Heading: Judicial Determination of Probable Cause

Text: 9 Shak contends that the district court erred by holding that he was not entitled to a judicial determination of probable cause before being required to return to court for a hearing on misdemeanor charges. This contention lacks merit. 10 The Supreme Court has expressed a preference for the use of arrest warrants when feasible. Gerstein v. Pugh, 420 U.S. 103, 113 (1975). Nonetheless, a [police officer]'s on-the-scene assessment of probable cause provides legal justification for arresting a person suspected of crime, and for a brief period of detention to take the administrative steps incident to arrest.

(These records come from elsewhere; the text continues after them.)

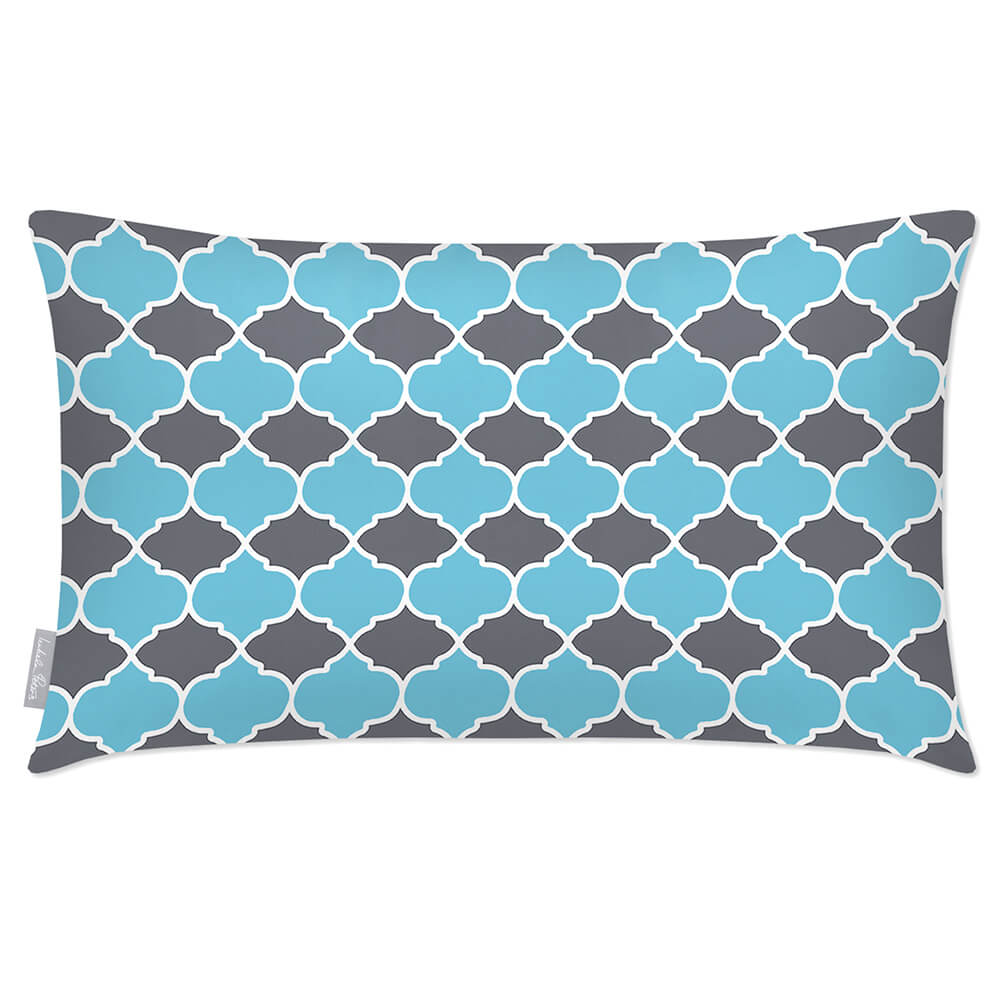 Outdoor Garden Waterproof Rectangle Cushion - Badi  Izabela Peters Celeste Blue And Grey 50 x 30 cm 
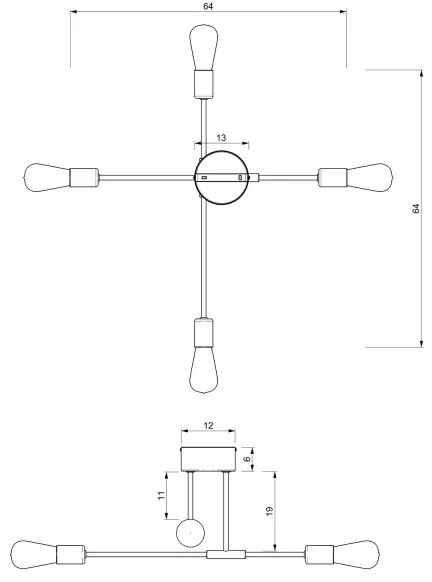 Csillár rúdon FLAME 4xE27/60W/230V fekete/fényes króm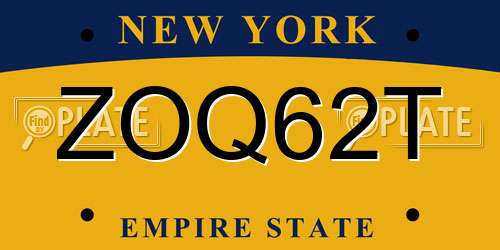 ZOQ62T New York License Plate
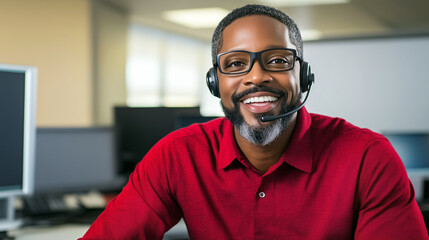African male adult customer service representative smiling in office
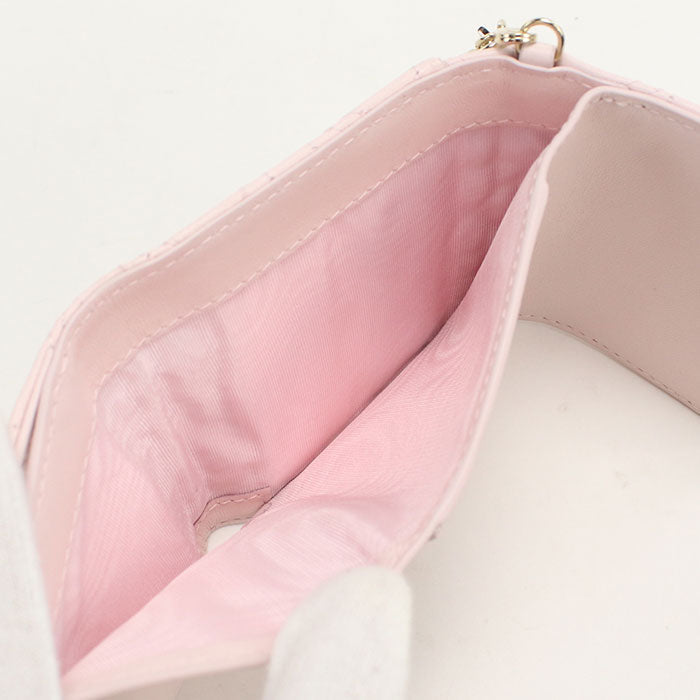 Dior S0181 ONHG Lotus wallet Lady Dior Three fold lambskin pink Women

See id. at 113-114. A person arrested and held in custody for trial, however, is entitled to a timely judicial determination of probable cause. Id. at 114. The Supreme Court has explained that [o]nce the suspect is in custody ..., the reasons that justify dispensing with the magistrate's neutral judgment evaporate while the suspect's need for a neutral determination of probable cause increases significantly, noting that prolonged detention may be more serious than the interference occasioned by arrest. Id. at 114. 11 Here, Shak concedes that: (1) officer Tanaka had probable cause to arrest him; and (2) his detention at the Honolulu Police Station for one hour and forty-five minutes was not excessive. Thus, the two Fourth Amendment concerns discussed in Gerstein, a warrantless arrest in which the police officer's judgment concerning probable cause is mistaken and prolonged detention, are not present in the instant case. 12 In addition, the Supreme Court has stopped short of holding that jurisdictions were constitutionally compelled to provide a probable cause hearing immediately upon taking a suspect into custody and completing booking procedures, see County of Riverside v. McLaughlin, 500 U.S. 44, 53-54 (1991), and acknowledged the burden that proliferation of pretrial proceedings places on the criminal justice system and recognized that the interests of everyone involved, including those persons who are arrested, might be disserved by introducing further procedural complexity into an already intricate system. Id. 13 Accordingly, the district court did not err as a matter of law in dismissing Shak's claim that he had a right to a probable cause hearing before being required to return to court.